## Problem requirements
The entries should be given again in full. Alter nothing.

(Short web captions)
——————————

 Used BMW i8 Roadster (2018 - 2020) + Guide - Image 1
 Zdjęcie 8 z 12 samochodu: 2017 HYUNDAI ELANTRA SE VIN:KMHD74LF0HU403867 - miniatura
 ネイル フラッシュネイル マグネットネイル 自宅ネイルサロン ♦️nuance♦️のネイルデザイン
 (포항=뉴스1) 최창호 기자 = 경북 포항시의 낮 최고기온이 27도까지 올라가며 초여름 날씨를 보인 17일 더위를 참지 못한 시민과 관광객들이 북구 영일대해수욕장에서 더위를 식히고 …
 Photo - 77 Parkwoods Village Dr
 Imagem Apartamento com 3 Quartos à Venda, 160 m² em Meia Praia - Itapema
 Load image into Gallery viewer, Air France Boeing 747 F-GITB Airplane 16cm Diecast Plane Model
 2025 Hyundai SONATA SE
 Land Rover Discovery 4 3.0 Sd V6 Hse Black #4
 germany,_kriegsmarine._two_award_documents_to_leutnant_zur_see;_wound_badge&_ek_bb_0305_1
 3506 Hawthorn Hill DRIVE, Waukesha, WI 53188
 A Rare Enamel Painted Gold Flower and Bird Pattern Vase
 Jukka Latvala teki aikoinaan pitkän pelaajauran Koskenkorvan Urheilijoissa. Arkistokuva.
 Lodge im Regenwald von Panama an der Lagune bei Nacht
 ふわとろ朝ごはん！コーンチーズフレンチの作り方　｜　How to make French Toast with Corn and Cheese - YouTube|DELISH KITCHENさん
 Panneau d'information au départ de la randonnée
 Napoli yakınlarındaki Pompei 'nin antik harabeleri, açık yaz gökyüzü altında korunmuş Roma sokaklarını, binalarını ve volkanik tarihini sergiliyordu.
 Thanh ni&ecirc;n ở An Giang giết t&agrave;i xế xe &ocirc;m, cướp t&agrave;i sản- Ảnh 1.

——————————

## Task solution
 Used BMW i8 Roadster (2018 - 2020) + Guide - Image 1
 Zdjęcie 8 z 12 samochodu: 2017 HYUNDAI ELANTRA SE VIN:KMHD74LF0HU403867 - miniatura
 ネイル フラッシュネイル マグネットネイル 自宅ネイルサロン ♦️nuance♦️のネイルデザイン
 (포항=뉴스1) 최창호 기자 = 경북 포항시의 낮 최고기온이 27도까지 올라가며 초여름 날씨를 보인 17일 더위를 참지 못한 시민과 관광객들이 북구 영일대해수욕장에서 더위를 식히고 …
 Photo - 77 Parkwoods Village Dr
 Imagem Apartamento com 3 Quartos à Venda, 160 m² em Meia Praia - Itapema
 Load image into Gallery viewer, Air France Boeing 747 F-GITB Airplane 16cm Diecast Plane Model
 2025 Hyundai SONATA SE
 Land Rover Discovery 4 3.0 Sd V6 Hse Black #4
 germany,_kriegsmarine._two_award_documents_to_leutnant_zur_see;_wound_badge&_ek_bb_0305_1
 3506 Hawthorn Hill DRIVE, Waukesha, WI 53188
 A Rare Enamel Painted Gold Flower and Bird Pattern Vase
 Jukka Latvala teki aikoinaan pitkän pelaajauran Koskenkorvan Urheilijoissa. Arkistokuva.
 Lodge im Regenwald von Panama an der Lagune bei Nacht
 ふわとろ朝ごはん！コーンチーズフレンチの作り方　｜　How to make French Toast with Corn and Cheese - YouTube|DELISH KITCHENさん
 Panneau d'information au départ de la randonnée
 Napoli yakınlarındaki Pompei 'nin antik harabeleri, açık yaz gökyüzü altında korunmuş Roma sokaklarını, binalarını ve volkanik tarihini sergiliyordu.
 Thanh ni&ecirc;n ở An Giang giết t&agrave;i xế xe &ocirc;m, cướp t&agrave;i sản- Ảnh 1.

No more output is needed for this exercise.